3. REVIEW OF OPERATIONS:

The revenue from operations during the year under review was Rs. 164.33 Crores as compared to Rs. 170.80 Crores during 2021-22.

The Operating Profit (Before Interest and Depreciation) was Rs. 944.86 Lakh during the year under review compared to Rs. 1490.39 Lakh during 2021-22. The Profit before Tax for the year under review was Rs. 459.23 Lakh against Rs. 1025.65 Lakh during 2021-22. The Net Profit of the Company stood at Rs. 347.26 Lakh compared to Rs. 757.94 Lakh for the year 2021-22.

The Company has made export at FOB value of Rs. 55.77 Crores during the year under review compared to Rs. 53.09 Crores during 2021-22. The management is of the firm opinion that during the current year, the export market will improve and in turn, the exports of the Company will increase to a greater extent.

4. RECOGNITION AS EXPORT HOUSE:

The Director General of Foreign Trade, on the basis of Export performance of the Company, has accorded / recognised the Company as Two Star Export House.

5. FINANCE:

The Company is enjoying Financial Assistance in the form of term loans and working capital facilities from State Bank of India.

6. LISTING:

The Equity Shares of the Company are listed on BSE Limited. The Company is regular in payment of Annual Listing Fees. The Company has paid Listing fees up to the year 2023-24.

7. SHARE CAPITAL:

The paid-up Share Capital of the Company as on 31st March, 2023 was Rs. 488.83 Lakhs. As on 31st March, 2023, the Company has not issued shares with differential voting rights nor granted stock options nor sweat equity and none of the Directors of the Company hold any convertible instruments.

8. RESERVES:

Your Company does not propose to transfer any amount to general reserve.

9. DIRECTORS & KMP:

9.1 One of your Directors viz. Mr. Rishab Chhajer (DIN: 05184646) retires by rotation in terms of the Articles of Association of the Company.
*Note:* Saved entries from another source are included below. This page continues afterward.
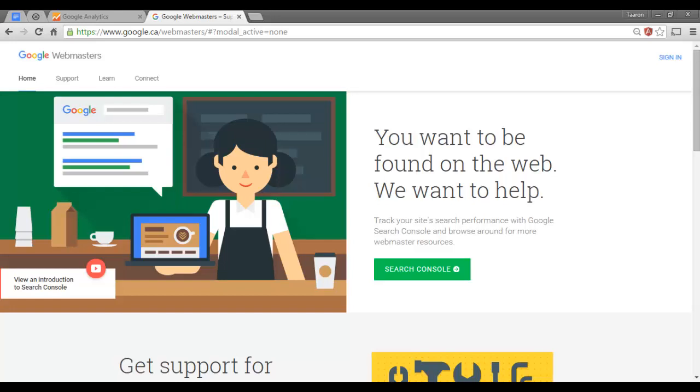In this tutorial I'm going to show you how to set up your account with Google Search Console as well as how to index your site with Google. Formerly known as Webmaster Tools, Google Search Console is a free service provided by Google to help you manage and maintain your search presence.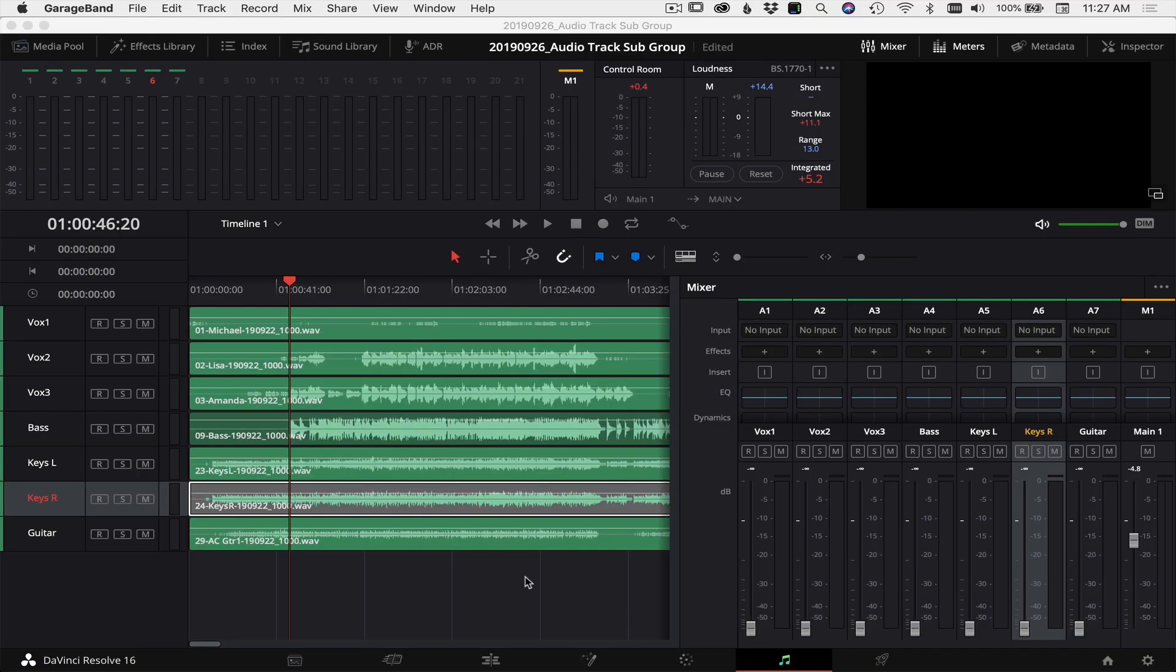Here we are in DaVinci Resolve in the Fairlight tab, and this is where we're going to do all our audio work. I've already gone ahead and put in some audio tracks here from a recent multi-track recording that I did of our church worship band. As you can see here, I've got three vocal tracks and then I have four instrument tracks.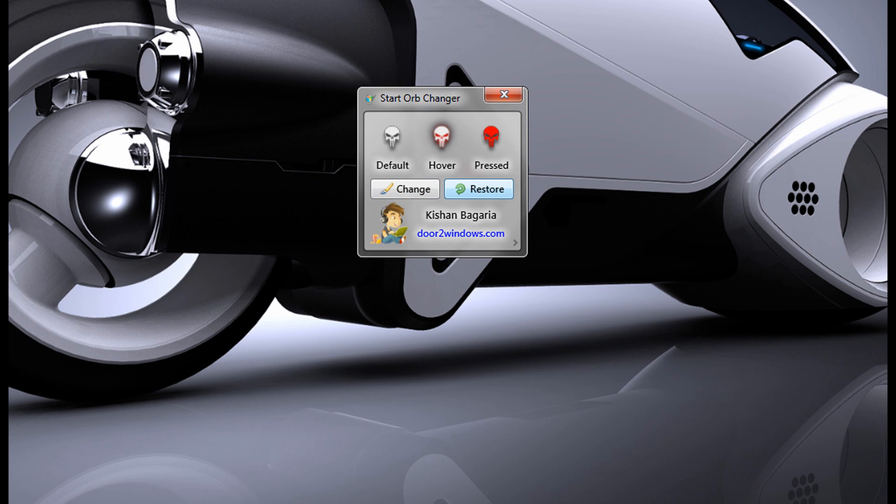So there are two buttons, Change and Restore. And on the top, it'll show your default icons like hover, you know, press or just what it looks like normally when nothing's over.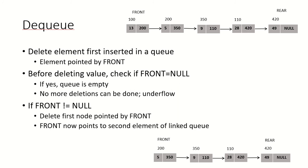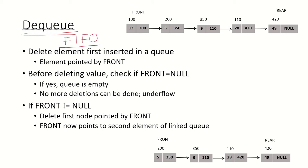If we are implementing a queue as a linked list and we want to delete elements, that means we want to perform a dequeue operation. Since the queue follows the FIFO principle, that means first in first out principle, so whatever element was inserted first, that element will be deleted.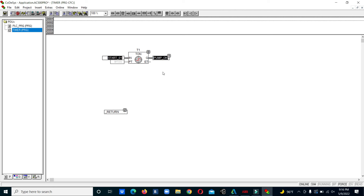This is how you can program the on-delay timer in ABB PLC. This is your basic tutorial and basic training. If you have any doubts please let me know — you can write in the comments and I can clear your doubts. Thanks for watching.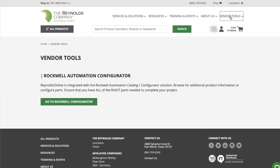Reynolds Online is now integrated with the Rockwell Automation Catalog Configurator Tool. This means you can access the tool directly from our website. You must have an online account and be located within our Rockwell-approved selling area to access this feature.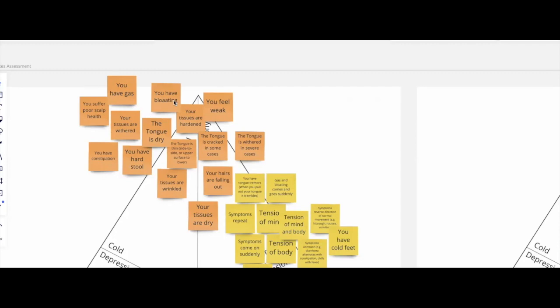You can notice on your tongue that it's dry, you can notice certain tissues are hardened, withered, or cracked. You can start noticing that your skin is dry and scaling, and also that your scalp has poor health, including that you're losing hair.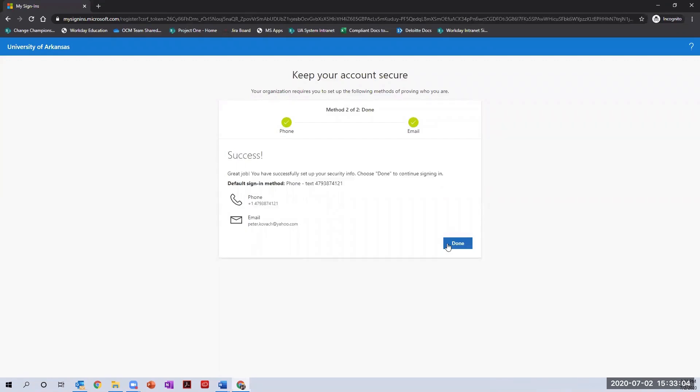The final screen will display confirmation of your multi-factor authentication setup. Information on this screen details the options you chose throughout the process. Clicking done will allow you to continue the sign-in process now that the setup has been completed.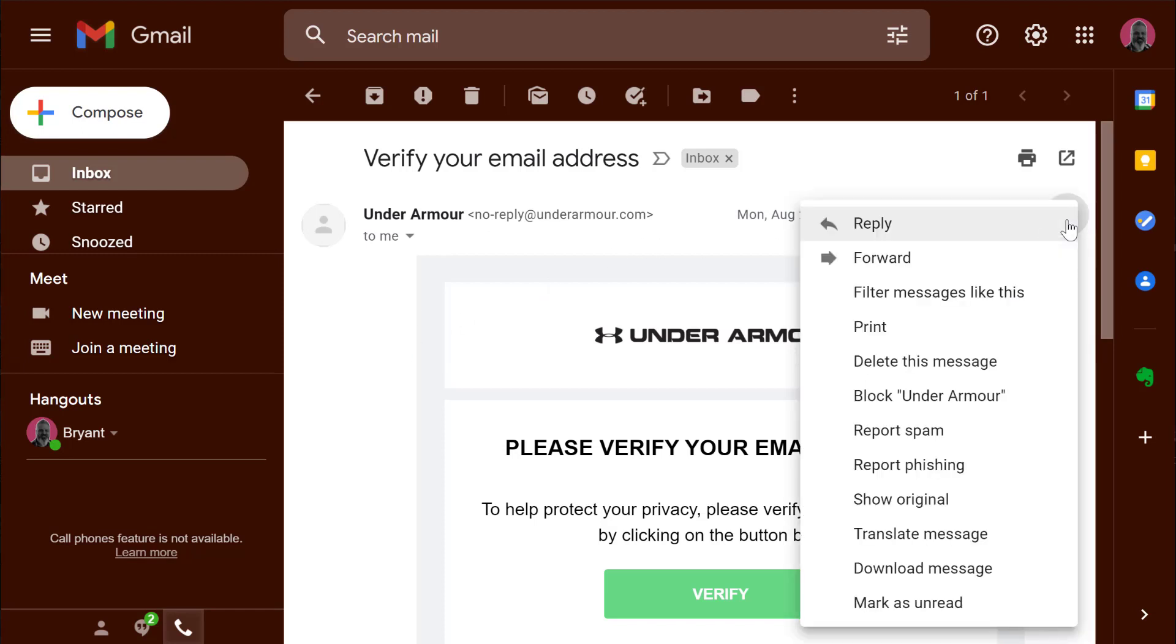I'll click that menu and then I will select block this user. So block this sender.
However, being eligible offers himself for re-appointment. 9.2 The Board, based on the recommendations of the Nomination and Remuneration Committee and subject to approval of members/shareholders, had reappointed Mr. Ashok Chhajer (DIN: 00280185) as Managing Director w.e.f. 1st October, 2023 to hold the office upto 30th September, 2026.

9.3 During the financial year 2022-23, Mr. Ashok Chhajer, the Managing Director (DIN: 00280185) of the Company has elevated as Chairman and now his designation is Chairman and Managing Director of the Company.

9.4 Brief profile of the Directors being appointed /re-appointed as required under Regulation 36(3) of Listing Regulations, 2015 and Secretarial Standard on General Meetings are provided in the Notice for the forthcoming AGM of the Company.

9.5 The Shareholders in their 38th Annual General Meeting held on 21st September, 2022 has appointed Mr. Rishab Chhajer (DIN: 05184646) as Joint Managing Director for a period of 3 years with effect from 13th February, 2023.

9.6 The Shareholders in their 38th Annual General Meeting held on 21st September, 2022 has appointed Mr. Hitendra Kewalchand Chopra (DIN: 03372530) as Independent Director for a team of 5 years w.e.f. 18th July, 2022.

9.7 Mr. Anil Kumar Bhandari (DIN: 02718111) has resigned as Chairman and Independent Director of the Company w.e.f. 18th July, 2022.

9.8 The Board of Directors duly met 7 times during the financial year under review.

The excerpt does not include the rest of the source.